I have been looking for a good all around utility gun that will also be good for big game (moose, bear, elk) I have been thinking about the Marlin 1895GS .45-70 (I like the quick lever action). Does anyone have any experiance with this model and is this a good choice for this application?

Thanks,
Archaudio


----------



## Whelen35 (Mar 9, 2004)

I have one of the guide guns, and really like it a lot. Fast to get on target, hits very hard, and easy to cary. Loaded up with the Hornady 350gr bullets you would have a 200yd gun for the game you spoke of. Loaded up with the Speer 400gr bullet (the best I think) you can get up arround the 1800-1900fps.

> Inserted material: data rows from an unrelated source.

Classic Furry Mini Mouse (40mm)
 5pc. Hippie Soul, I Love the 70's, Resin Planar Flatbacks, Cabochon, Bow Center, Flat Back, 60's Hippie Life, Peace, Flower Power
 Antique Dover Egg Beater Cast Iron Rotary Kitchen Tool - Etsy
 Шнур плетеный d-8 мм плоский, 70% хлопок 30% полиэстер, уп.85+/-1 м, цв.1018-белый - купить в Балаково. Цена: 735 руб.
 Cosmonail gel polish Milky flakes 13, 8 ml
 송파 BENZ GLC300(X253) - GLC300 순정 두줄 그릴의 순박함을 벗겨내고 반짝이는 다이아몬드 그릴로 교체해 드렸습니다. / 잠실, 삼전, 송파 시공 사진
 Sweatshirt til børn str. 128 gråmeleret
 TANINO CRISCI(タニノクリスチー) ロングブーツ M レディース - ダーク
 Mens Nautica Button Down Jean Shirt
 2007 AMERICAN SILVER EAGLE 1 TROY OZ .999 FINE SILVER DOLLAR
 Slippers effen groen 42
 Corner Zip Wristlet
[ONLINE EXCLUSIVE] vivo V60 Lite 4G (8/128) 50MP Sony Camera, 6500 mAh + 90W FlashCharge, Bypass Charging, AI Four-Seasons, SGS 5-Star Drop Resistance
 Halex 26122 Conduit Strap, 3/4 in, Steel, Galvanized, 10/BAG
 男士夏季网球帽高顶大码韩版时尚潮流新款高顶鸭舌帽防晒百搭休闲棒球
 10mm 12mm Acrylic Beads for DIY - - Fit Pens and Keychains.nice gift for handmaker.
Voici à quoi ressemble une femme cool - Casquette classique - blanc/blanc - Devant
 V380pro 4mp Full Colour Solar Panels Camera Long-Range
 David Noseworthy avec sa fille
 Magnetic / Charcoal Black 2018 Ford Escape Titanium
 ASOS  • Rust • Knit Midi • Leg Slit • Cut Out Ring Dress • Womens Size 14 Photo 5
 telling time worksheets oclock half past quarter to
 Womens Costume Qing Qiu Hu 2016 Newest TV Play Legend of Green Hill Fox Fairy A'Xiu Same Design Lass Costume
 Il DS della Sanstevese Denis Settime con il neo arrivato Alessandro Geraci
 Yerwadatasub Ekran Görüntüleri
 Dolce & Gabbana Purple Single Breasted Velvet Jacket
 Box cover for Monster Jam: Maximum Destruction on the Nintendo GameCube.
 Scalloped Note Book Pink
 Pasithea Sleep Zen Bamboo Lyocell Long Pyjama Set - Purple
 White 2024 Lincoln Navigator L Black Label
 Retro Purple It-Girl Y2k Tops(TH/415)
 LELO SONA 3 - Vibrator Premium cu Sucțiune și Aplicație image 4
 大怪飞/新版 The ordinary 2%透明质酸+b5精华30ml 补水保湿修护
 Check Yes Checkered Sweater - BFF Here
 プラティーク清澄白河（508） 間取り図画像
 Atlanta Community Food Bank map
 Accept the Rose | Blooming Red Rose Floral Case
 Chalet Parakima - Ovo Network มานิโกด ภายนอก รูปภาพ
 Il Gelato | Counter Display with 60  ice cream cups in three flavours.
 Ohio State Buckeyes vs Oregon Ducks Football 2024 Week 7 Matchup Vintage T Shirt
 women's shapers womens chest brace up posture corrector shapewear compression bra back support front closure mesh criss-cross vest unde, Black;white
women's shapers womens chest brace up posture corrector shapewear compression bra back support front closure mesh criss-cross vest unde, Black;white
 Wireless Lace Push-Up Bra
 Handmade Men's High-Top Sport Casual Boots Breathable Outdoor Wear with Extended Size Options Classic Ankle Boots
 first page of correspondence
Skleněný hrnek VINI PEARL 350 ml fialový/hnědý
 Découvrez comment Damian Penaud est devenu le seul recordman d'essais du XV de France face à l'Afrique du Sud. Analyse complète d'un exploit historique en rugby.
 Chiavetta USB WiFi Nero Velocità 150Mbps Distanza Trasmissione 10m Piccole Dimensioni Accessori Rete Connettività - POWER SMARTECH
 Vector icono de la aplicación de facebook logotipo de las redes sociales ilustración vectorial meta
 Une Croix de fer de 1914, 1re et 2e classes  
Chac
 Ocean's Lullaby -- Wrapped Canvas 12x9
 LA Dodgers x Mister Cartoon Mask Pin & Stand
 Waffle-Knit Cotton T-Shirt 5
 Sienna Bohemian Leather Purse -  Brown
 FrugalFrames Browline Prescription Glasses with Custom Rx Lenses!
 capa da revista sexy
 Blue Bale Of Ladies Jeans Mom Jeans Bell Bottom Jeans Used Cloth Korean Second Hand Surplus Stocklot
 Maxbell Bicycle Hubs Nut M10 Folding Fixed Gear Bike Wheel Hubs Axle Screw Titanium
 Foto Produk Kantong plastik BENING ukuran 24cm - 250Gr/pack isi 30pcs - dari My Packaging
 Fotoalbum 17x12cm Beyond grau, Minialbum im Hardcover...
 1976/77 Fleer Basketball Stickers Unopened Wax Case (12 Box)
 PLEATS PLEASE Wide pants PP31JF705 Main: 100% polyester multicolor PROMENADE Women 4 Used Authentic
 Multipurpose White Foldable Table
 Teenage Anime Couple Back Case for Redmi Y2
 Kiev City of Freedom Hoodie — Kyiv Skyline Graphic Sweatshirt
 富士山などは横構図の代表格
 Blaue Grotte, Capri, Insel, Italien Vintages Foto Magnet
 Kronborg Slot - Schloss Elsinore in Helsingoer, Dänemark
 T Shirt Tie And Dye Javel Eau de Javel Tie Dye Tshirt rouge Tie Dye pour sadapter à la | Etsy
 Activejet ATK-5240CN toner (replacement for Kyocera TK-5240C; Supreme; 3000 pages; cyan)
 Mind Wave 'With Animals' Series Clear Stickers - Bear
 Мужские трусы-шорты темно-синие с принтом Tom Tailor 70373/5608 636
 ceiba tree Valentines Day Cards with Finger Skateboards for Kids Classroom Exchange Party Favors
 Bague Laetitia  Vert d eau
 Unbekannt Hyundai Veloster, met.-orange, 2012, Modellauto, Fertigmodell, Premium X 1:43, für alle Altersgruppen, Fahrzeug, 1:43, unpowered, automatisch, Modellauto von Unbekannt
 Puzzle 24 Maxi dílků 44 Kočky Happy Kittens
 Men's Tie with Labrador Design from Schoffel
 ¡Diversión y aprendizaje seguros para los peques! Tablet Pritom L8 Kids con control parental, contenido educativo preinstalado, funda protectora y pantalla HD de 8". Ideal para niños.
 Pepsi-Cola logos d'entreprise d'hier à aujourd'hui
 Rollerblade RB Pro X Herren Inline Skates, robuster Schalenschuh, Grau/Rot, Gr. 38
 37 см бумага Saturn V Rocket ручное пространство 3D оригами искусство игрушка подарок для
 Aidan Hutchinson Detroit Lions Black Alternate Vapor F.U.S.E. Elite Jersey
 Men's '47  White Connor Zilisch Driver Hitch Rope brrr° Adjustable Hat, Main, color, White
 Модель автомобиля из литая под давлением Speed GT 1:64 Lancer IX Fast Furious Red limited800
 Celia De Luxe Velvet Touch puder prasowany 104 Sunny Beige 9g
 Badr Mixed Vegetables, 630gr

This is not quite a 200yd load, but I have a recovered bullet that went through a 4 inch sapeling, a very large deer, and I dug it out of a tree about 20yds past the deer. It measures 1 and 1/8 inch frontal dimameter. Get one shoot it, and you will be very happy.


----------



## Bore.224 (Mar 23, 2005)

I had a simular gun in the Marlin .444. Kicks like a mule ammo expensive, but very accurate and hard hitting. If I where you I would look to the 480 its supposed to be an improvement on the 45-70. But either way anything shot with these cartidges will be very dead.


----------